An MLA work cited page lists sources on a separate, double-spaced page at the end of your paper in alphabetical order with hanging indents.
Once you know how an MLA work cited page works, the rest of the paper format feels far less intimidating. This final page of your essay tells your reader exactly where every quote, summary, and data point came from. It also shows instructors that you followed the same rules scholars use in published work.
This guide walks you through how to do a mla work cited page from a blank document to a neat list of sources that matches MLA ninth edition expectations. You will see how to set up the page, how to shape entries for common source types, and how to run a quick checklist before you turn in your work.
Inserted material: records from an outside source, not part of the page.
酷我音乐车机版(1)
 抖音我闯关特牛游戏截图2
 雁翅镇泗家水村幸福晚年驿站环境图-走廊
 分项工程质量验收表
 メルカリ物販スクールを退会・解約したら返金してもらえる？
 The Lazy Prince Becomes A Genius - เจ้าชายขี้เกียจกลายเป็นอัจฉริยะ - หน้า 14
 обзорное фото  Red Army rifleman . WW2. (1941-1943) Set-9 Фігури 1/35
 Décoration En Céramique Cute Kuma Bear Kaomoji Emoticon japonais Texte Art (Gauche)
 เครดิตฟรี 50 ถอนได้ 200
How To Do A Mla Work Cited Page Step By Step
Before you worry about commas and italics, set up the whole page correctly. A clean layout makes every individual entry easier to build and easier to read.
| Formatting Setting | What You Do | Quick Tip |
|---|---|---|
| Location In Paper | Place the works cited list on its own page at the end of the document. | Hit Ctrl+Enter or Command+Enter to insert a page break. |
| Page Margins | Set all margins to one inch on every side. | Check the layout or page setup menu in your word processor. |
| Font And Size | Use a readable font such as Times New Roman at 12 point. | Keep the same font you used in the rest of the paper. |
| Line Spacing | Use double spacing with no extra space between entries. | Turn off “add space after paragraph” so spacing stays even. |
| Header | Add your last name and page number in the upper right corner. | Use the automatic page number feature so numbering stays consistent. |
| Title | Center the words “Works Cited” at the top of the page. | Do not bold, underline, or italicize the title. |
| Indentation | Apply a half-inch hanging indent to every entry. | Use the paragraph dialog to set “hanging” under indentation. |
| Order Of Entries | List entries in alphabetical order by the first element, usually the author. | Sort alphabetically once you finish every entry. |
These settings match the layout described in the Purdue OWL works cited format, which many instructors use as a model.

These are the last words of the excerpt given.